# Exercise
Starting with the line that has "KV-7433 ACESSORIO PARA" in the records below and ending with the line that has "Aveeno Daily Moisturizing", output those lines exactly and nothing more; omit the pictures.

# Material supplied
:::

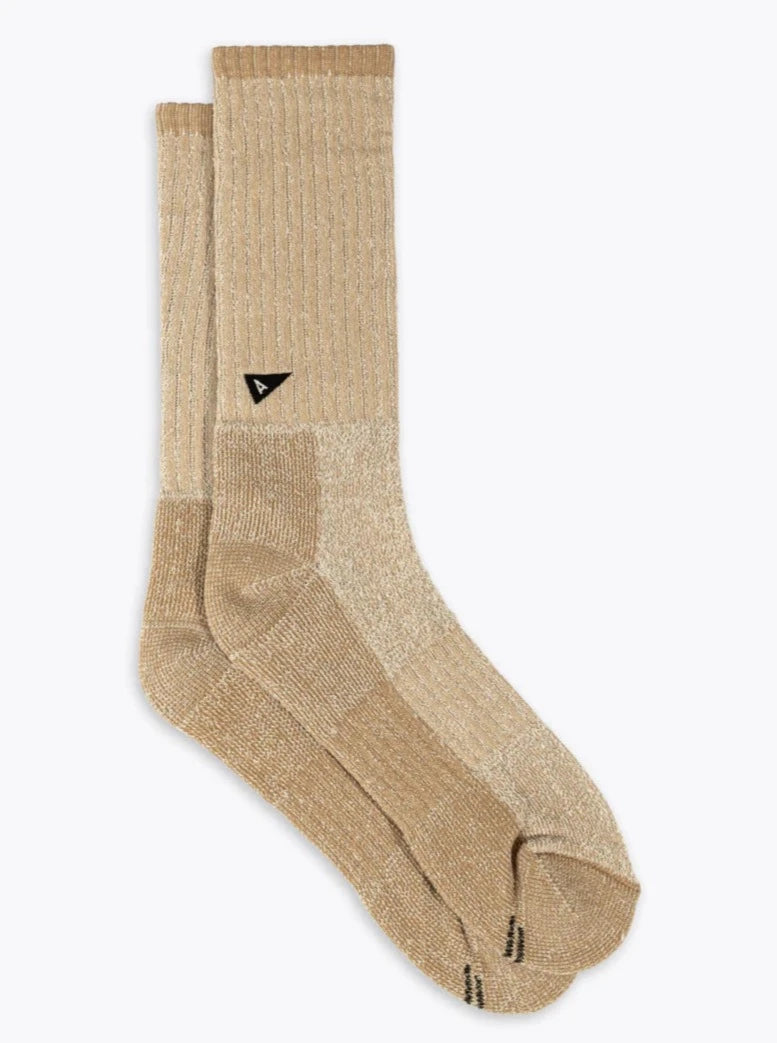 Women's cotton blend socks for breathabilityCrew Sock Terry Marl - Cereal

:::

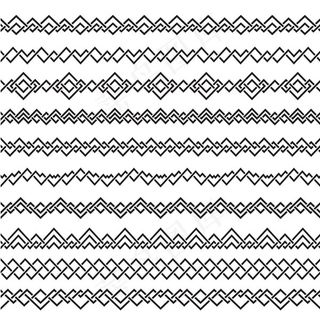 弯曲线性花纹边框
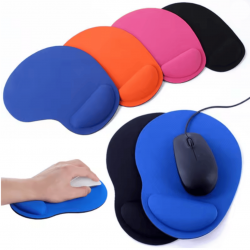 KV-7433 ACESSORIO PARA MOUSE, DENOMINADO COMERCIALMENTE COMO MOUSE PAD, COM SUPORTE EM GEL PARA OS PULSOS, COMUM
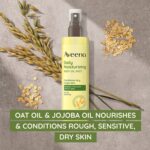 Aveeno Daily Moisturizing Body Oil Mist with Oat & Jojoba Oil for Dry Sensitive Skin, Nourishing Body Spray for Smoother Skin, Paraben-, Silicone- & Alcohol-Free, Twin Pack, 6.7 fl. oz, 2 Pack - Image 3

:::

# Result for this exercise
 KV-7433 ACESSORIO PARA MOUSE, DENOMINADO COMERCIALMENTE COMO MOUSE PAD, COM SUPORTE EM GEL PARA OS PULSOS, COMUM
 Aveeno Daily Moisturizing Body Oil Mist with Oat & Jojoba Oil for Dry Sensitive Skin, Nourishing Body Spray for Smoother Skin, Paraben-, Silicone- & Alcohol-Free, Twin Pack, 6.7 fl. oz, 2 Pack - Image 3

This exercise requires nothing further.